A geologist at The University of Texas at Arlington has been honored for his contributions to geological sciences in the Permian Basin of West Texas.

Merlynd Nestell, professor of earth and environmental sciences, was named an Honorary Life Member of the Permian Basin Section of the Society for Sedimentary Geology (commonly known as SEPM, the acronym for its former name, the Society of Economic Paleontologists and Mineralogists). The award has been given annually since 1960.

Nestell received the award during the monthly meeting of the West Texas Permian Basin Section of the SEPM on May 16 in Midland. Three of his former master's students - Johnathon Bogacz, Robert Nail and Michael Sweat - were in attendance.

"I was surprised that this happened; there are some very well-known geologists and paleontologists that have received this honor," Nestell said. "It's very nice to be recognized by your peers, and I'm honored to receive this award."

The Permian Basin contains one of the world's most well-known and thickest deposits of rocks from the Permian geologic period, which spans almost 47 million years, from the end of the Carboniferous Period (299 million years ago) to the beginning of the Triassic Period (252 million years ago).

Asish Basu, chair and professor of the Department of Earth and Environmental Sciences, said Nestell's decades of research and experience working on the biostratigraphy of the Permian Basin make him a worthy recipient of the award.

"Dr. Nestell has devoted a great deal of time to researching the Permian Basin and has made important contributions to our knowledge of this geologic period," Basu said. "He is very worthy to receive this honor from the Permian Basin Section of the SEPM."

Nestell — who is also a professor in the UTA Department of Mathematics — has authored or co-authored over 50 publications and meeting presentations concerning the biostratigraphy and microfossils of Permian strata in the Delaware Basin, which is the second-largest component of the Permian Basin. Nestell's wife, Galina Nestell, an adjunct professor in the EES Department, co-authored a number of the publications.

"Much of the area where we have been working is on large private ranches and little or no access has generally been available for many years," Nestell said. "The kind cooperation of these large ranches has been integral to the success of this work, as has the cooperation of the U.S. Geological Survey and Mountains National Park."

Nestell has been a College of Science faculty member for 48 years and is one of the longest-tenured faculty members at UTA. He received a B.S. in Mathematics from Andrews University in Berrien Springs, Michigan, in 1957, an M.A. in Mathematics from the University of Wisconsin in 1959 and a Ph.D. in Mathematics with a minor in Geology from Oregon State University in 1966.

He came to UTA in 1969 as a member of the mathematics faculty; his joint appointment with the Department of EES came in 1978 after a 1½ faculty development leave in the Department of Geological Sciences at Princeton University.
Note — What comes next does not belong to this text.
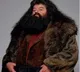 Harry Potter's 'Hagrid' Robbie Coltrane passes away at 72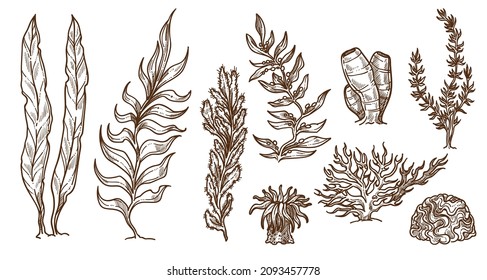 Ocean and sea botany and foliage, seaweed or grass, coral reefs for aquarium and underwater decor. Monochrome sketch outline of flowers and leaves, exotic healthy food diet. Vector in flat style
He has twice been named College of Science Teacher of the Year (1990, 1994) and in 2003 he was inducted into the UTA Academy of Distinguished Teachers.

He has a lengthy record of service, having been a member of over 30 committees at the department, college, University and national levels. He has also served as an academic advisor and as faculty advisor for various student organizations. He has been field trip leader for numerous departmental geologic field excursions since 1977.